Why I've been semi-absent from most things lately. Absent from the blog, mostly from social media, and I know I've been absent with my friends, too.
This post is a ramble of sentences of the last few days. I've added some of my thoughts over the past week. I know I'm totally rambling, but such is the life right now.
A few weeks ago, I ran out of my anti anxiety medication. Out of my normal habit, I called the pharmacy and ordered my refill via the automated system to be picked up the next day.
I had been thinking.. this medicine isn't really doing what it's supposed to be doing anyway. I feel like I still have anxiety even when I take my meds, sooo... Oh, and plus, I have an appointment coming up with my doctor to discuss my medication since she recently cut the dosage back.
Not intentionally, I can only assume sub-consciously, I never picked up my prescription.
Once I realized what I had done, and the prescription was likely back on the shelf and not available for pick-up, I thought to myself "Oh well, my doctor will probably prescribe something different anyway and I'll have wasted money on that prescription." No big deal. I can go a few weeks without my meds, right? Plus I totally have a handle on my anxiety.
I can tell you the exact moment that I realized what a problem this was going to cause.

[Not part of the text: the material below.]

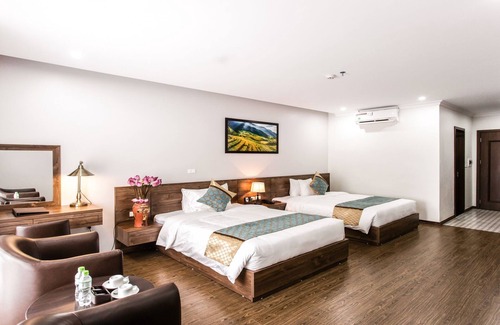 Lao Cai Hotel | Liberty Hotel - Events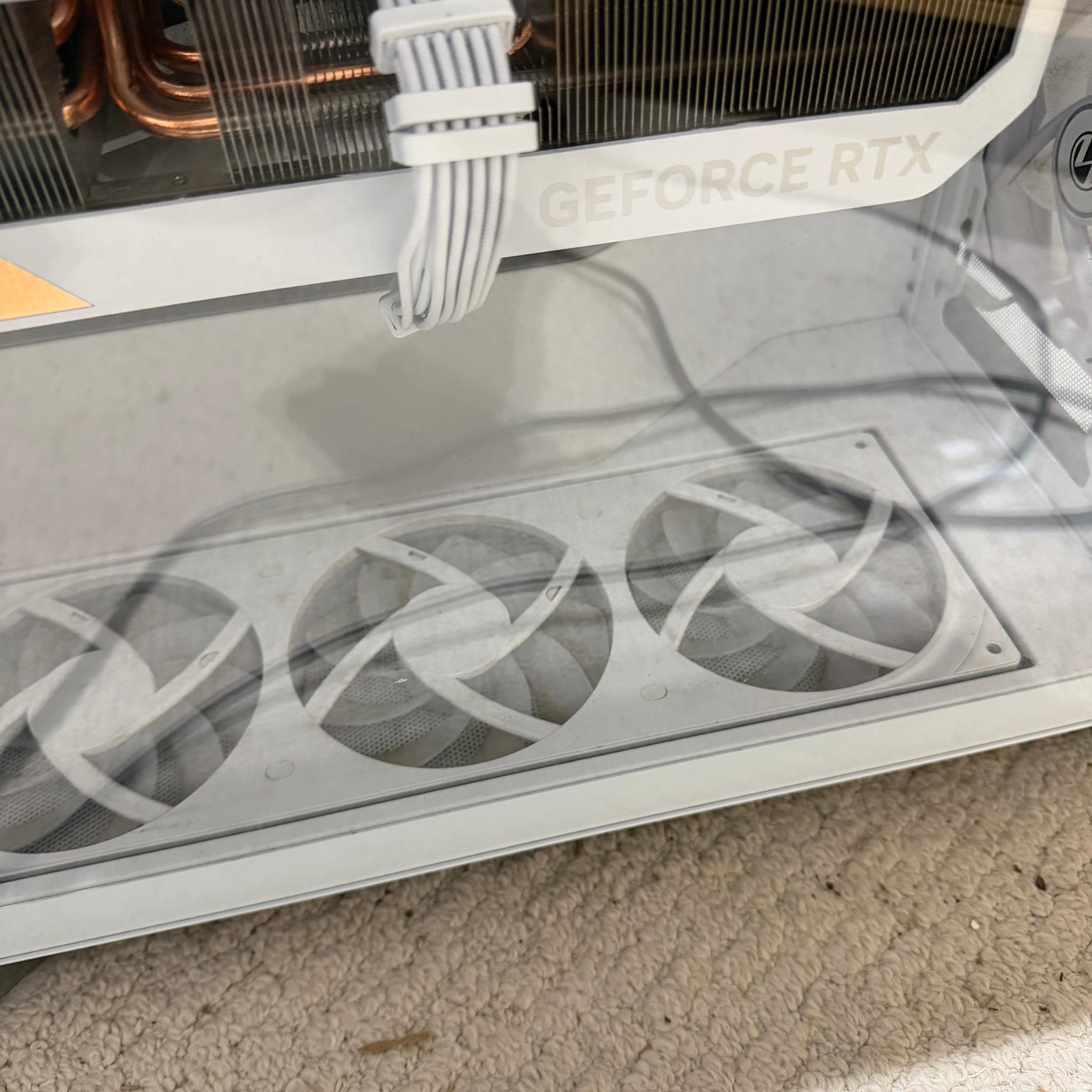 GeForce RTX 4080 Super Custom Gaming PC - Ryzen 7 7800X3D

Last week, Nate made the comment that I had been "edgy" lately. I immediately retorted with "You calling me edgy doesn't make matters any better, in fact, it pisses me off more." and the conversation was over. He shook his head and dropped it.
The next night, Nate had said it again, but began the conversation much lighter so I wouldn't flip my lid. He said, "Babe, I know you don't like it when I say you're being edgy, but you are. And don't get upset for me asking, but have you taken your chill pill recently?"

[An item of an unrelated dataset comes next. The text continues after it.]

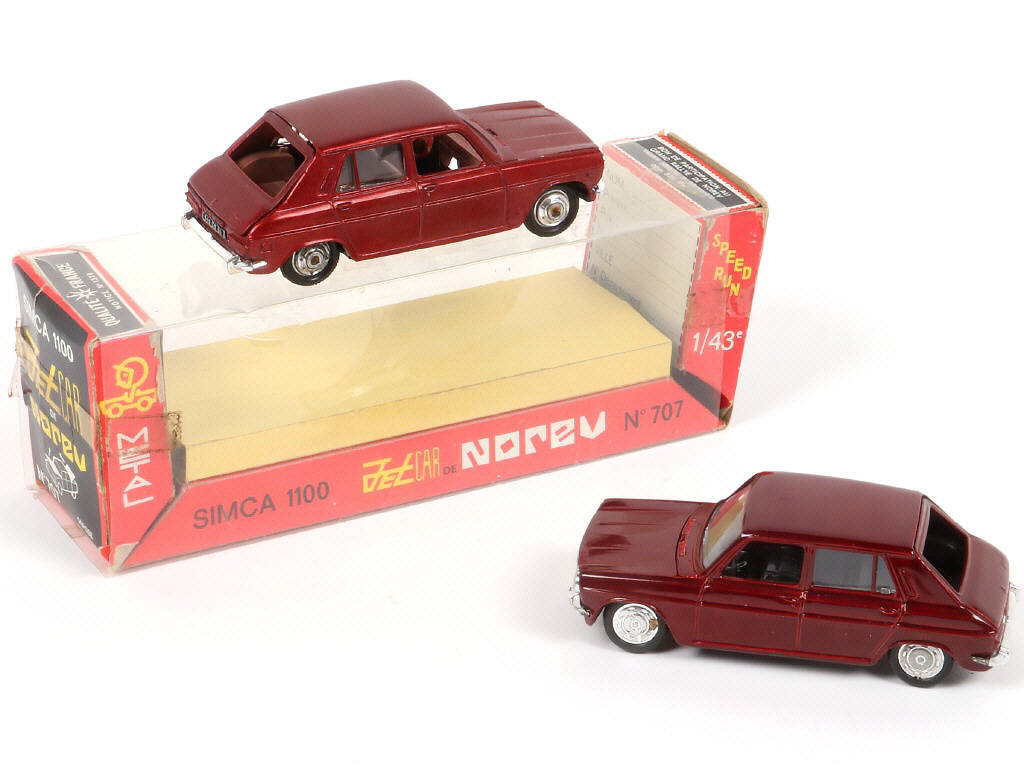 Lot 229 - NOREV - JET CAR (FRANCE) (2)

I stopped in the middle of what I was doing, looked at him dead in the eye and said, "Oh shit. That's what's wrong. Now that you mention it, no, I haven't been taking my medication."

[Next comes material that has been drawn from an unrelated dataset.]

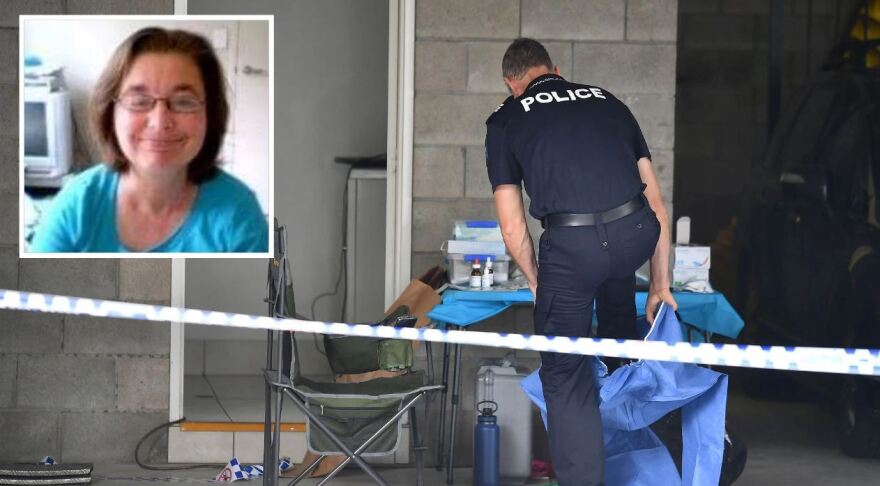 Αυστραλία: Νεκρή πάνω από 10 χρόνια η γυναίκα που βρέθηκε τσιμεντωμένη σε τοίχο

I can't tell you how awful I've felt this last week. My anxiety is at an all-time high, and I constantly feel like I'm at my breaking point. Every little thing has had me on the verge of tears. I literally have tears in my eyes all day. I've been blaming allergies when I don't want to talk about it at work. (because I don't - I don't ever share my personal life with any of my co-workers.)
I feel like I'm living in the clouds right now. My brain is literally foggy. I know it sounds weird, but I feel high. I feel like I'm going to pass out about 24 hours of every day. It feels like my insides are vibrating and I have no control over any of these emotions.
I HATE to admit these things. I hate it with every inch of my being. It makes me feel weak. Like I can't control my life. I wish I didn't suffer from anxiety so badly. I wish I could let things roll off my back. I wish I could word my thoughts without feeling like an idiot.
I have found myself wishing every minute of the day away. Why can't it just be bedtime? Why do I have to suffer all day long? I just want to sleep. It's the only time I get a break from myself. The only 8 hours of the day that I'm not feeling like a psychopath.
I find myself sobbing so hard I can't breathe. Tears pouring down my face. No specific reasoning, which makes me cry harder because why can't I pinpoint what's upsetting me this much? Am I crazy for having no reason to cry? No appetite - because my stomach is in knots. I just want to feel "normal" again.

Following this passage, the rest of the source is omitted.